A high-deductible health plan (HDHP) with a health savings account (HSA) is allowed to cover telehealth services prior to a patient reaching the deductible, increasing access for patients who may have COVID-19, protecting other patients from potential exposure to the virus and expanding the ability for HSAs to be used for over-the-counter medicines.

Sec. 3702 Over-the-Counter Medical Products without Prescription

Patients are allowed to use funds in HSAs and FSAs for the purchase of over-the-counter medical products, including those needed in quarantine and social distancing, without a prescription from a physician.

Sec. 3703 Expanding Medicare Telehealth Flexibilities

A requirement is eliminated in Coronavirus Preparedness and Response Supplemental Appropriations Act of 2020 (Public Law 116-123) that limits the COVID-19 Medicare telehealth expansion authority during the COVID-19 emergency to situations where the physician or other professional has treated the patient in the past three years. This would enable beneficiaries to access telehealth, including in their home, from a broader range of providers, reducing COVID-19 exposure risk.

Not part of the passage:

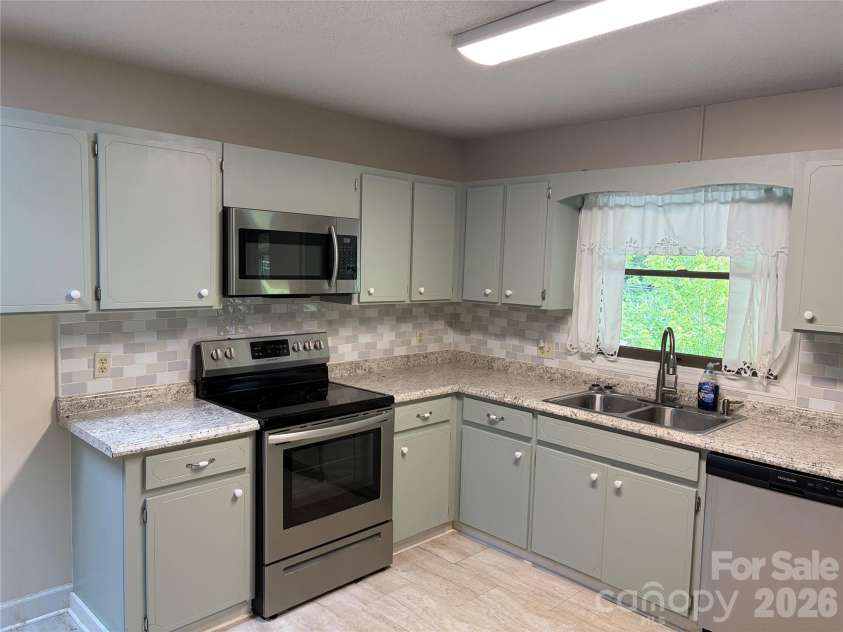 256A Bruce Road, Mars Hill, NC 28754.  MLS# CAR4399321, YatesRealty ID 35218.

Sec. 3704 Allowing Federally Qualified Health Centers and Rural Health Clinics to Furnish Telehealth

Federally Qualified Health Centers and Rural Health Clinics are temporarily allowed to furnish telehealth services to beneficiaries in their home or other setting. Medicare would reimburse for these services at a composite rate similar to payment provided for comparable telehealth services under the Medicare Physician Fee Schedule.

Sec. 3709 Increasing Provider Funding through Immediate Medicare Sequester Relief

The Medicare sequester, which reduces payments to providers by 2 percent, is temporarily lifted from May 1 through Dec. 31, 2020, boosting payments for hospitals, physicians, nursing homes, home health and other care. The Medicare sequester would be extended by one-year beyond current law.

Sec. 3801 Extension of Physician Work Geographic Index Floor

Through Dec. 1, 2020, payments are temporarily increased for the work component of physician fees in areas where labor cost is determined to be lower than the national average.